▶ **DATA EXTRACT**
►

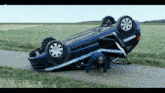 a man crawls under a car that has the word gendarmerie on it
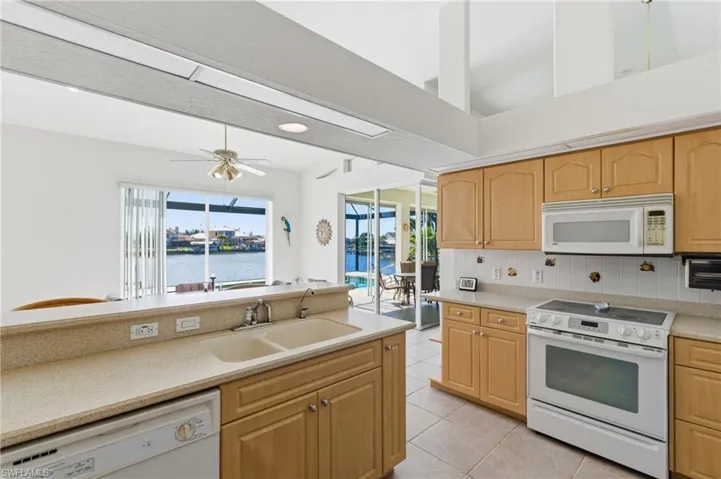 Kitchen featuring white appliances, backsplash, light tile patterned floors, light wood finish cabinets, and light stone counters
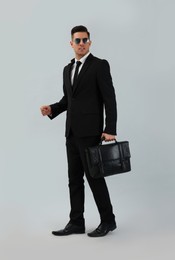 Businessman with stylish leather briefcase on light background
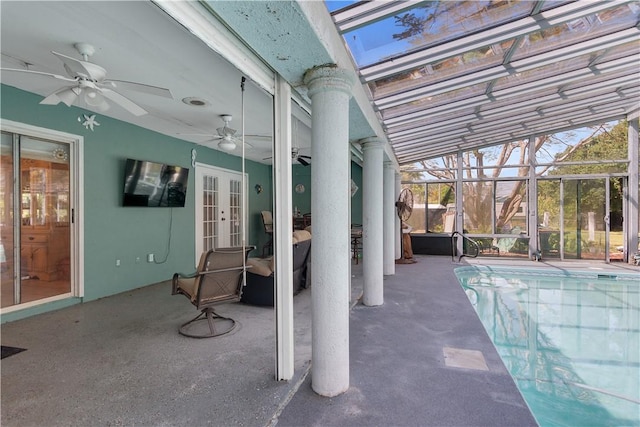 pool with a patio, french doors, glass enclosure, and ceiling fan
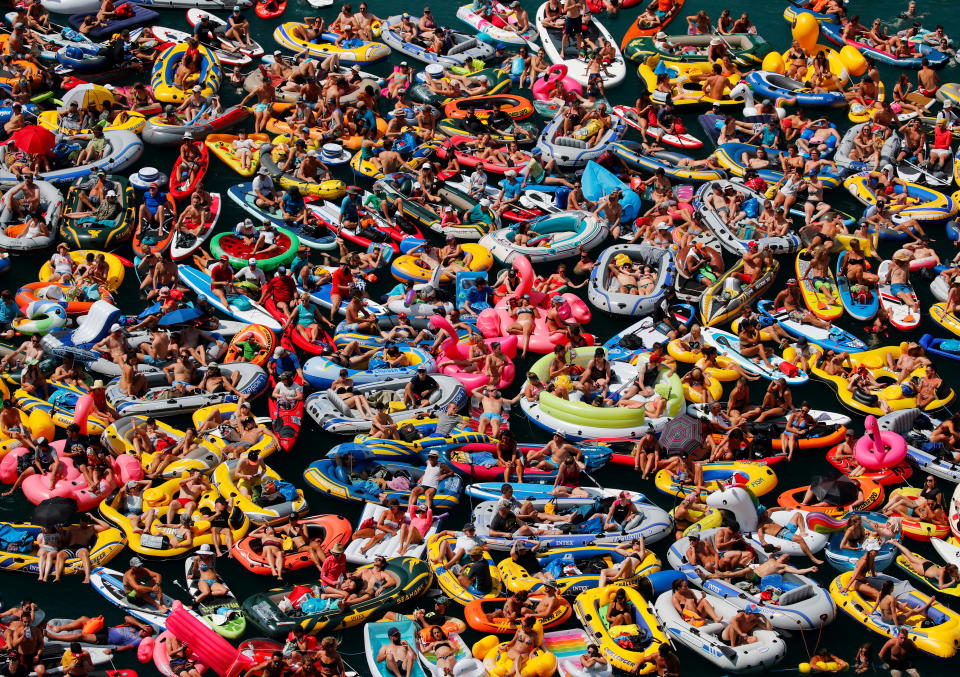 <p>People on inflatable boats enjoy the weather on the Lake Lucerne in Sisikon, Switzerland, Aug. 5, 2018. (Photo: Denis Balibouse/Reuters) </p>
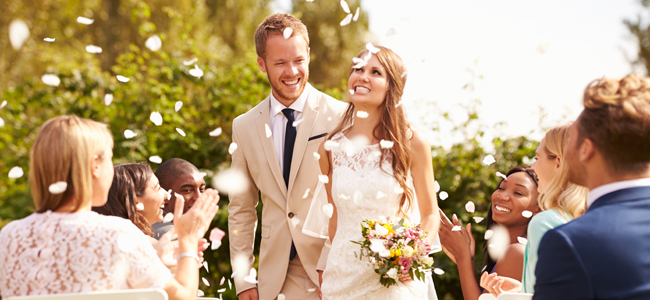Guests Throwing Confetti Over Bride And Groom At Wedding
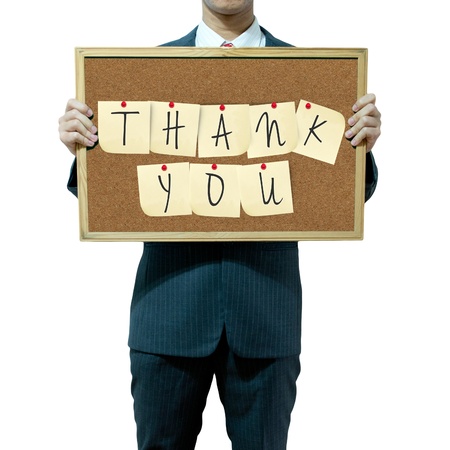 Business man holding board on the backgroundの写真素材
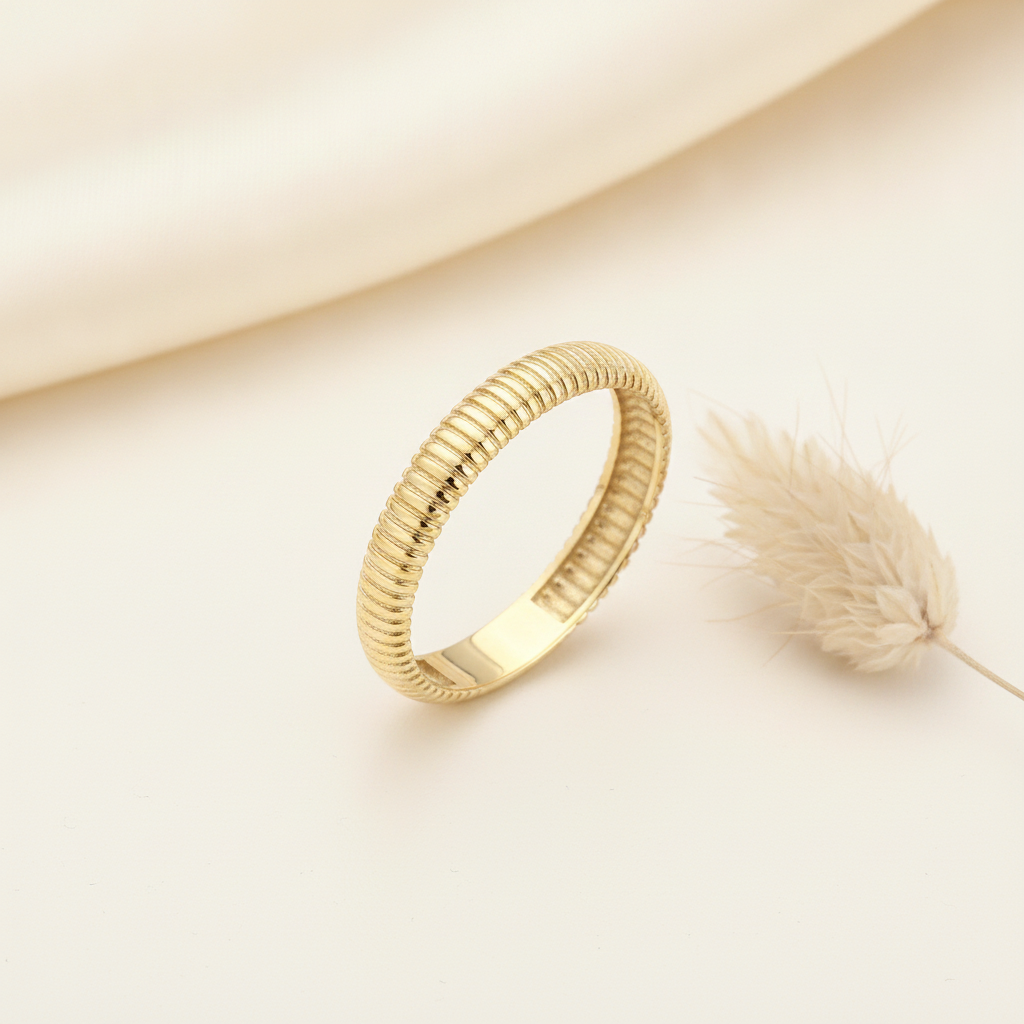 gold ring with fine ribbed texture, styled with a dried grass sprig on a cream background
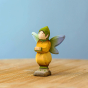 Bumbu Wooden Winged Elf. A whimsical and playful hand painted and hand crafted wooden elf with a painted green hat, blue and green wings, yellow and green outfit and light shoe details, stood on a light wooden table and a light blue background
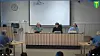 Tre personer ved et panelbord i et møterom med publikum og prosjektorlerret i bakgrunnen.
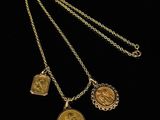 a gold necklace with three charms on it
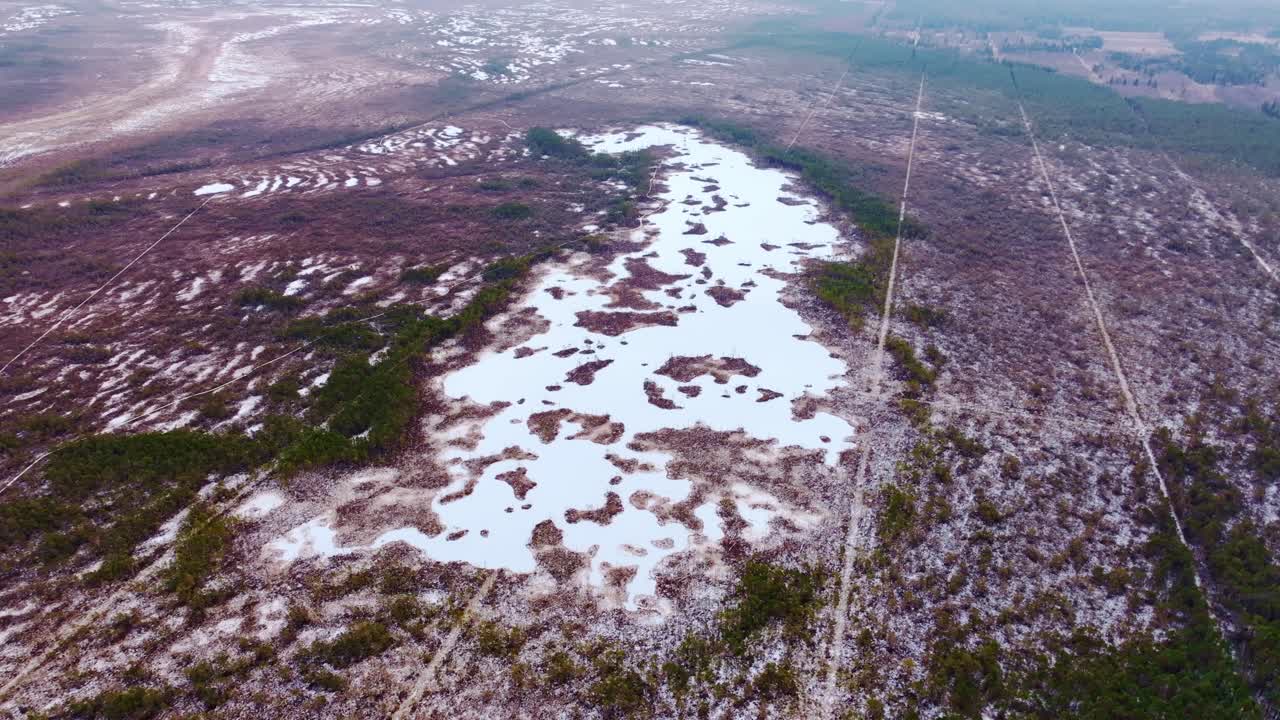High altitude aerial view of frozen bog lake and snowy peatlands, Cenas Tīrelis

◄
►

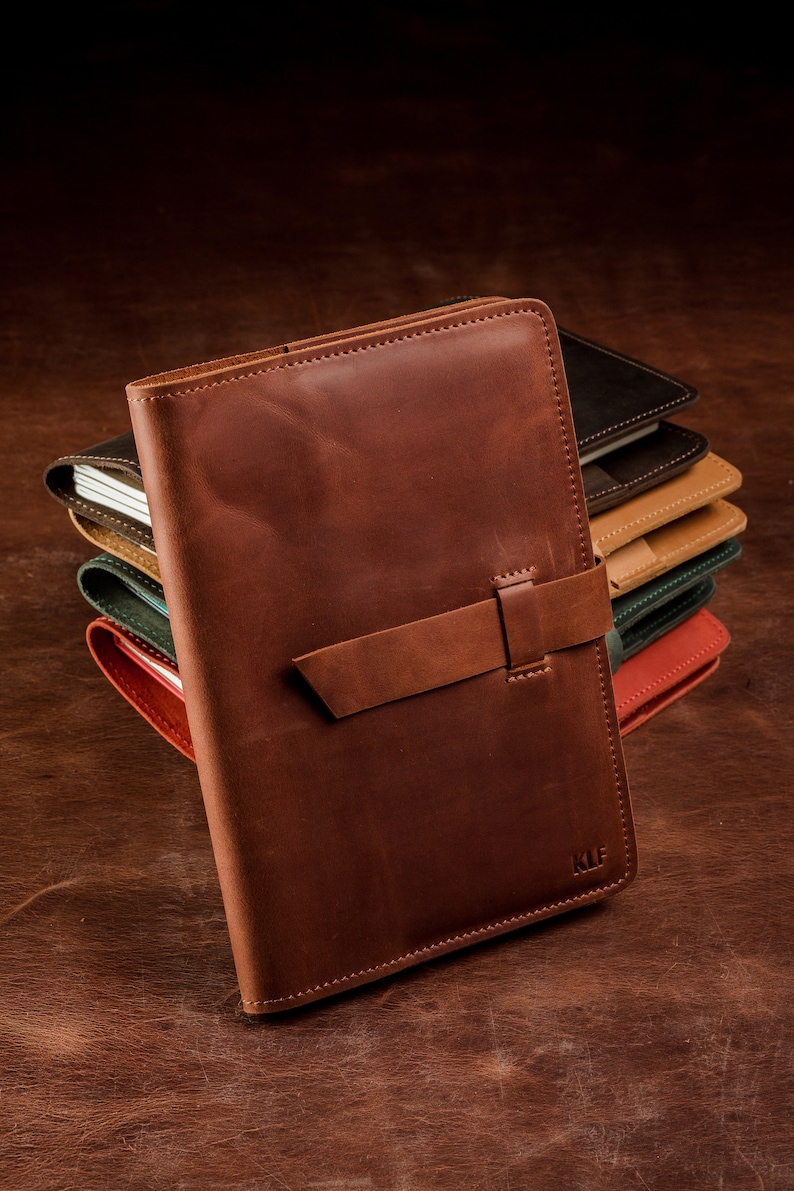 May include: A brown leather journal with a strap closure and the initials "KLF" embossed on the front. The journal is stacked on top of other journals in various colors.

◄

▶ **WORK TO COMPLETE**
Reproduce, exactly and only, the lines of the records above starting at the line with "a man crawls" and ending at the line with "pool with a", both included. Leave every picture out.

▶ **WRITTEN ANSWER**
 a man crawls under a car that has the word gendarmerie on it
 Kitchen featuring white appliances, backsplash, light tile patterned floors, light wood finish cabinets, and light stone counters
 Businessman with stylish leather briefcase on light background
 pool with a patio, french doors, glass enclosure, and ceiling fan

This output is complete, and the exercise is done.